Il n’en demeure pas moins que l’acte lui-même est répugnant et hautement répréhensible. Pour preuve, la multiplication sur Internet de messages de la gent féminine originaire d’Afrique du Nord outrée par le comportement de la star vis-à-vis d’une femme se trouvant dans un pays étranger. Pour nombre d’entre elles, seule une personne à la morale douteuse est capable d’un acte aussi dégoûtant que celui posé par Mami. Le séjour de sa compagne Isabelle Simon, qui était enceinte de leur enfant, a failli tourner à la tragédie. Elle fut victime d’un véritable guet-apens! Assurément, les choses auraient pu être bien plus dramatiques, si ce n’est la stupidité des hommes de main du chanteur algérien. Ce dernier aussi n’a pas été très inspiré dans son explication, puisque même l’élément antisémite s’est avéré être un terrible mensonge.

On pensait avoir tout vu chez les vedettes du rai, un genre qui s’est signalé par des scandales de mœurs à profusion, et ce dès son apparition. Mais voilà que celui qui était célébré comme son prince stoppe une carrière extraordinaire qui la amené à se produire aux côtés des plus grandes stars du show-biz, à commencer par le légendaire Sting. Résultat : au lieu d’être le clou de la programmation du Festival Panafricain, organisé ces jours-ci en grandes pompes par le régime algérien, le chanteur saidi passe sans nul doute ses moments les plus difficiles entre les quatre murs de sa cellule. Une soudaine descente en enfer pour l’auteur du fameux refrain « Mon cœur est au pays des merveilles »! Ah, que l’on regrette Hasni…!

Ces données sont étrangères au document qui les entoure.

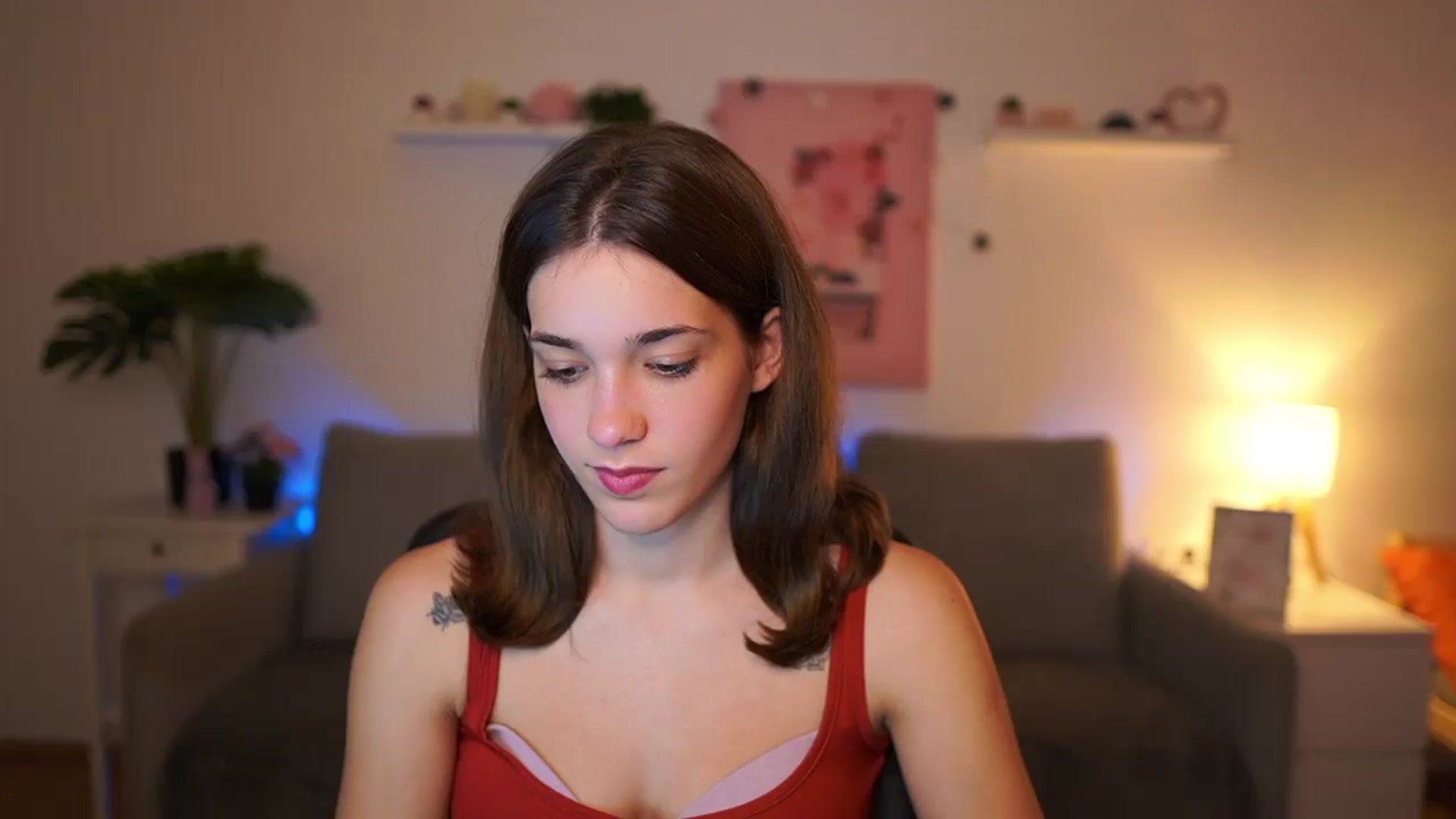 Gallery image thumbnail from Kissiecat's myfreecams stream on, 10/27/2025, 19:45 image 7 of 20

Difficile de croire à une désinvolture de la part  de Mami quant à sa décision de se mettre à la disposition de la justice française. De l’avis de certains connaisseurs des relations algéro-françaises, il n’est pas dit qu’il n’ait pas reçu de garanties. Tout simplement, Alger ne pouvait se permettre d’abriter un de ses citoyens recherché en France pour des faits avérés, surtout une personne publique réputée proche de la nomenklatura algérienne.
Avant la visite d’Abdelaziz Bouteflika en Hexagone, qui devrait avoir lieu en décembre prochain, il fallait coûte que coûte trouver une solution à ce quiproquo. D’un autre côté, Sarkozy est un ami des vedettes de la chanson style bling-bling comme notre Mami national. Donc, une remise de peine ou une grâce ne seraient pas une surprise. Le chanteur Faudel pourrait bien servir d’intermédiaire! Une première occasion se profile déjà à l’horizon : le 14 juillet, fête nationale du pays où Mami a fait l’essentiel de sa carrière. Aux dernières nouvelles, il pourrait même purger sa peine en Algérie. Il ne sera sûrement pas incarcéré à Serkadji ou Lambèse.

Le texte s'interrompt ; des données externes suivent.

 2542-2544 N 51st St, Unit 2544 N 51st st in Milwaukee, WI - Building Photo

On aurait aimé que le raiman ne soit pas le seul compatriote à se présenter devant un juge français. En ce moment, je pense surtout à l’auteur et aux commanditaires du meurtre de l’avocat Ali Mecili, le brillant officier de l’Armée de Libération Nationale abattu en plein Paris par un vulgaire proxénète. 22 ans sont passés de puis l’horrible crime. Dans ce cas-ci, la justice se fait toujours attendre.

Pour certains membres de la diaspora algérienne, le verdict rendu dans l’affaire Mami n’est rien par rapport à une autre décision judiciaire qui revêt une grande importance. En effet, Sophie Scharbook, la petite fille de 7 ans réclamée depuis 2005 par son père français, a été séparée de sa belle-famille algérienne pour être envoyée en France. Chose impensable du temps des prédécesseurs de Bouteflika, les observateurs sont d’avis que cette décision n’aurait pas pu voir le jour sans le feu vert du président algérien. À l’occasion, il a envoyé aux nues son homologue français. 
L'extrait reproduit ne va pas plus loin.